On how the Microsoft case affected the Justice Department: In terms of the overall department resources, [not much]. I forget the numbers, but we have a budget of around $100 million, so over three years it's $300 million. I would expect Microsoft, certainly, in that three years would be $5 [million] to $6 million. My own time, I would say, probably in the past three years, [was a] maximum of 10 percent.
On whether winning will reduce the division's workload: I don't expect we'll be able to cut our budget for two principal reasons: Whatever happens in the market, I don't see a significant abatement of merger activity and at least for the next several years, I expect our criminal cartel enforcement program, which is extraordinary, is going to have to go forward. We have a budget of $110 million, and last year we brought in to the Treasury just in criminal fines somewhere in the neighborhood of $1.1 billion.

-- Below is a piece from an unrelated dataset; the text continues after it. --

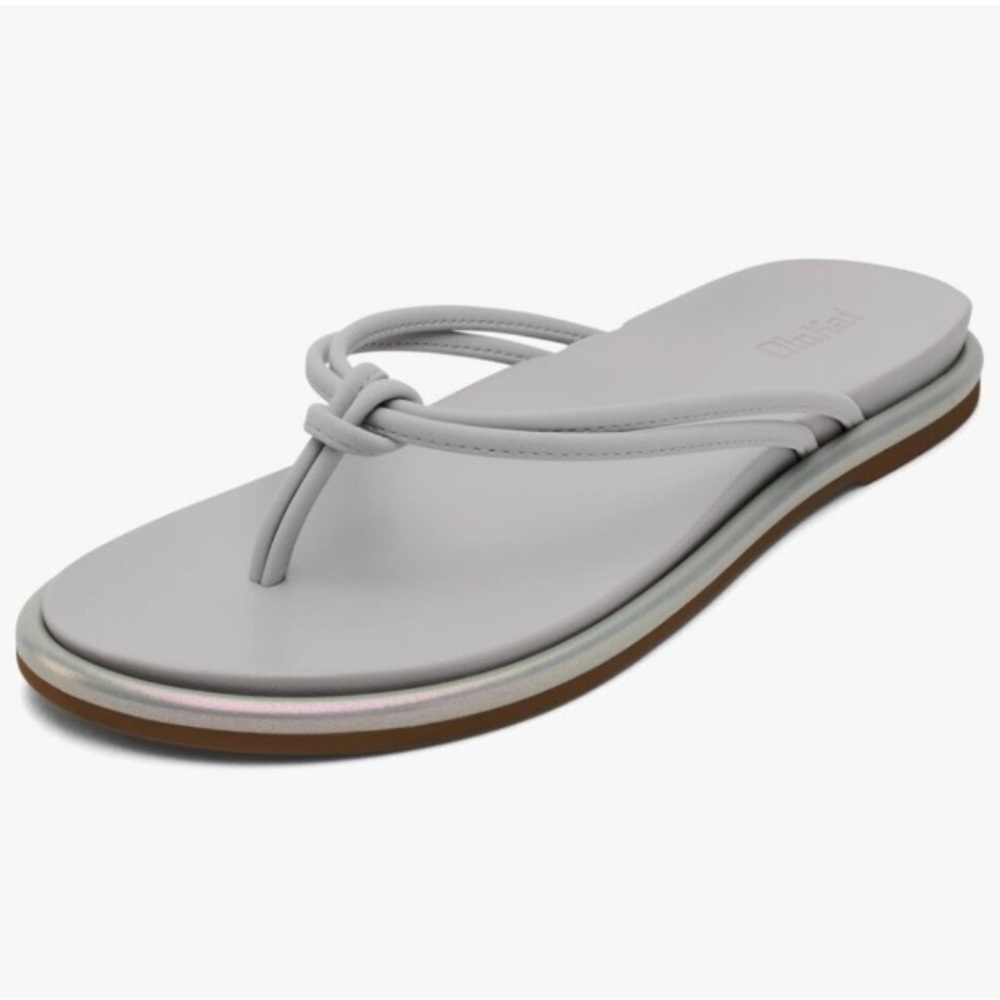 NWT Olukai Women’s ‘Aka Sandals/Flip Flops, Iridescent/Vapor, Size 11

On how the 2000 election will affect antitrust enforcement: You never know what is going to happen in a new administration, but I believe pretty strongly in the kind of continuity and commitment to law enforcement in the Department of Justice. I am quick to point out that the original AT&T case was brought by the Nixon administration. It was prosecuted strongly by the Carter administration. It was settled with insistence on the structural remedy by the Reagan administration over great political objection inside that administration. The Secretary of Defense and the Secretary of Commerce were publicly identified as going out and opposing the suit and trying to insist that it be dropped. So I have a pretty strong conviction that the roots of law enforcement are remarkably well planted in the Justice Department, and we'll see continuity of law enforcement.
On public opposition to prosecuting Microsoft: The one thing I'm absolutely certain of is if you polled all Americans, they wouldn't want law enforcement to be done on the basis of polls. It's not a business that we can be in. I do think it wouldn't surprise anybody if you looked back at the polls during the time of the AT&T [divestiture]; I think the numbers were probably much stronger negatively.

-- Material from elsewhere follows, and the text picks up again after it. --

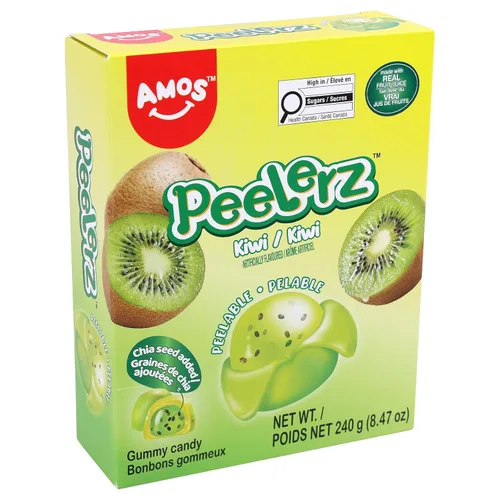 Vista 8 de AMOS Peelerz - Caramelo de goma pelable, mango/lichi/maracuyá/melocotón Paquete de 4 variedades, 3 oz cada uno, total 11.99 oz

On cynicism about government: Let me tell you one story. I am up at MIT teaching a whole bunch of computer science students on the role of government and technology . . . and 40 minutes into it, a student raises his hand and says, "I don't get it," and I said, "What's that?" He said, "You seem to be bright. How can you be with the government?"
I really worry about people not understanding that as important as dot.coms are and the excitement of the private sector right now, there used to be a time when government service fit into a higher calling. Students [often say] that government is corrupt, government doesn't do anything. That can become a self-fulfilling prophecy. If you have a great market-based economy, deciding some of the [technology] issues-the digital divide issues worry me enormously-[is] going to require the best and the brightest.